Gazeteci kılıklı Adam soruyor. Tayyip Erdoğan anlatıyor. Daha doğrusu uçak gazetecisi korkuyor, soramıyor, Erdoğan söylemek istediği her şeyi arka arkaya sıralıyor. Açıklamalarında bizi ürperten, dış dünyayı şaşkınlığa sevk eden bir bölüm var. Şöyle diyor;
"Eğer bu tutumunuz devam ederse, siz kendi ülkenizde, caddede, sokakta, rahat gezemezsiniz."
Ekliyor; "16 Nisan'dan sonra çok sürprizlerle karşılaşabilirler."
Ne demek bu? CHP Lideri Kılıçdaroğlu şöyle karşılıyor bu açıklamayı; "Sayın Cumhurbaşkanı önemli bir şey söyledi. Çok önemli. 'Yani El Kaide'den, IŞİD'den ben sorumluyum.' Onu mu demek istiyor?"
Sanmıyoruz. Ayrıca 16 Nisan'dan sonraki sürprizlerin ne olacağını ise bizler hiç merak etmiyoruz. Zira 15 yıldır öyle eylemlerle karşılaştık ki artık hiçbir eylem bizim için sürpriz bir nitelik taşımıyor. Ha şöyle olabilir; 16 Nisan'dan sonra. Erdoğan çıkar der ki; "Eyy Avrupa yine beni yanlış anladınız. Ben sizin caddede, sokakta rahat gezemeyeceğinizi söylerken aslında, halkım bana sonsuz yetkiler vermediği için çok üzülürsünüz (!), beni de çok sevdiğiniz için rahatsız olursunuz, halkınız sokakta üzüntüden rahat gezemez demek istemiştim. Cımbızlanarak alınmış bu cümle yanlış anlaşılmışsa özür dilerim."
Avrupa ne düşünür bilemeyiz ama böyle bir açıklama bizim için pek de sürpriz olmaz doğrusu.
Ancak bir gerçek var ki Batı, şimdilerde ne düşündüğünü çeşitli eylemlerle ortaya koyuyor.
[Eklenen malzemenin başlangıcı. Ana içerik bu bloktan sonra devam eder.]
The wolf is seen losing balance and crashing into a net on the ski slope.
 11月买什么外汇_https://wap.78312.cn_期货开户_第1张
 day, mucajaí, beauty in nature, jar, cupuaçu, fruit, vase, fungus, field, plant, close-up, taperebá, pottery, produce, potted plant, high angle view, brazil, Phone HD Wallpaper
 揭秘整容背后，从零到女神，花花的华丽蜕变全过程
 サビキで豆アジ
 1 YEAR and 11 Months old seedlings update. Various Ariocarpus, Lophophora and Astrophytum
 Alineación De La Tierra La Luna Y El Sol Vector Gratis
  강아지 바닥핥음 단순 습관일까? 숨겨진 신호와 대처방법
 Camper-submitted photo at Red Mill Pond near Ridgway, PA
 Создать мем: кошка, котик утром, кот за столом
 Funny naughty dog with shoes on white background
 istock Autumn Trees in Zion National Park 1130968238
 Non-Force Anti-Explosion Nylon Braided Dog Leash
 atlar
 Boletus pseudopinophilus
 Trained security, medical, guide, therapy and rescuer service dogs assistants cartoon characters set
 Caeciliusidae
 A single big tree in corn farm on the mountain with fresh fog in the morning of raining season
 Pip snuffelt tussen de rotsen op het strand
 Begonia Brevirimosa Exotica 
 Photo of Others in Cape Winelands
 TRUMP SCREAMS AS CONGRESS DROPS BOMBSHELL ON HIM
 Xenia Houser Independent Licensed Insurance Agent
Almanya'nın bir süredir uyguladığı silah ambargosunun yanında, ülkesinde yaşayan Türklere verdiği çifte vatandaşlık hakkını kısıtlamaya gitmesi yanlış politikanın ilk meyveleri olarak ortaya çıkıyor. Zaten Merkel'in de "16 Nisan referandumunun sonuçlarını beklemeliyiz" şeklindeki açıklaması, tehlikeli çanlarının çalmaya başladığını gösteriyor.
Amerika, İstanbul'un da aralarında bulunduğu havaalanlarından yapılacak direkt seferlere bazı kısıtlamalar getiriyor. Gelişmeler bunun arkasının geleceğinin bir işareti...
Bu yıl turist falan da beklemeyelim. Turizmde krizin devam edeceğini söylemek kehanet olmaz. Yabancı yatırımlarda ve ihracattaki düşüşler de tehlikenin bir diğer ciddi boyutu...
Saçma-sapan bir referandum uğruna neler kaybettiğimizi görebiliyor musunuz? Dünyada neredeyse dost ülkemiz kalmadı. Komşularla, süper güçlerle, Batı'nın tamamıyla sorunlar yaşıyoruz. Ha Katar ve Suudi Arabistan mı? Onların atalarının Birinci Dünya Savaşı'nda sırtımızda sapladığı hançerleri hiç unutmadık...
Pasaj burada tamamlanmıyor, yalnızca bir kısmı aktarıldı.